Miss Tulip Stays the Night and The Great Game share the same dual-layered disc, encoded for all regions and containing no additional features. Given their respective brief lengths the two films fit perfectly snugly onto a single DVD and look and sound as good as we should likely expect from the format. Filmed on a low budget, in black and white and in the Academy ratio neither is going to possess the greatest of production values, though that’s not to say we aren’t dealing professionals behind the camera. (Miss Tulip’s director of photography Kenneth Talbot went on to lens Born Free and a number of Hammer productions.) The Great Game, in particular, comes across very well with strong contrast levels and excellent detail; the latter is such that it’s easy to discern when and where post-synching was used for the dialogue! Miss Tulip fares worse simply because the original materials aren’t in the best of conditions. It’s tempting to lay the blame on its protracted route to reaching a final cut as the film bares the occasional scars of rough edits and a chopped up soundtrack. There are also two passages where the quality reduces drastically, though this no doubt comes down to what elements survive. Importantly there are no additional problems owing to the transfer: when the films look and sound very good (most of the time for The Great Game, some of the time for Miss Tulip), the disc ably reflects that.
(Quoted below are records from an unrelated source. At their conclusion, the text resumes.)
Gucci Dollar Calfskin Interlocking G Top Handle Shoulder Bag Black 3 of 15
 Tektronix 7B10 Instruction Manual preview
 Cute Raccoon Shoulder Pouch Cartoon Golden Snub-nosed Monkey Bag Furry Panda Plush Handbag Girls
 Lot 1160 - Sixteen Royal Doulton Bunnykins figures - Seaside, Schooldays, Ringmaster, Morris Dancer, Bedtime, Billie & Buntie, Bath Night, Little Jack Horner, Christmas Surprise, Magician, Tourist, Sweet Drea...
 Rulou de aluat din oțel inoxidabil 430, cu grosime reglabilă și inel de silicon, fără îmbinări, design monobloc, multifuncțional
Although there are no extras on-disc, the two films are accompanied by a fully illustrated 36-page booklet which may very well be my favourite of all the BFI releases this year. Vic Pratt, co-producer of the Adelphi releases, provides lengthy essays on each of the films and they’re a wealth of information and background detail. The Miss Tulip piece is particularly long, extending to eight pages as it relates the production history and the difficulties of the final edit. In both the level of research undertaken is immediately obvious and it proves especially welcome given how obscure these two films are. Indeed, it is unlikely that any such in-depth account of Miss Tulip or The Great Game has been previously published. And this isn’t all: we also find two pieces devoted to Dors , bios for directors Leslie Arliss (Miss Tulip) and Maurice Elvey (The Great Game), full credits for each and the usual notes of the transfer and acknowledgements; Kate Lees’ piece on Adelphi, present in all previous releases in the collection, also makes another appearance. The Dors pieces are excellent, one devoted to her career prior to a move to Hollywood after the success of 1956’s Yield to the Night, the other looking at her style in the four Adelphi films she made. The latter in particular follows the Vic Pratt essays in covering an area rarely, if ever, written about before. For that (but not only that), as with the rest of the booklet, it makes for a more than worthwhile inclusion.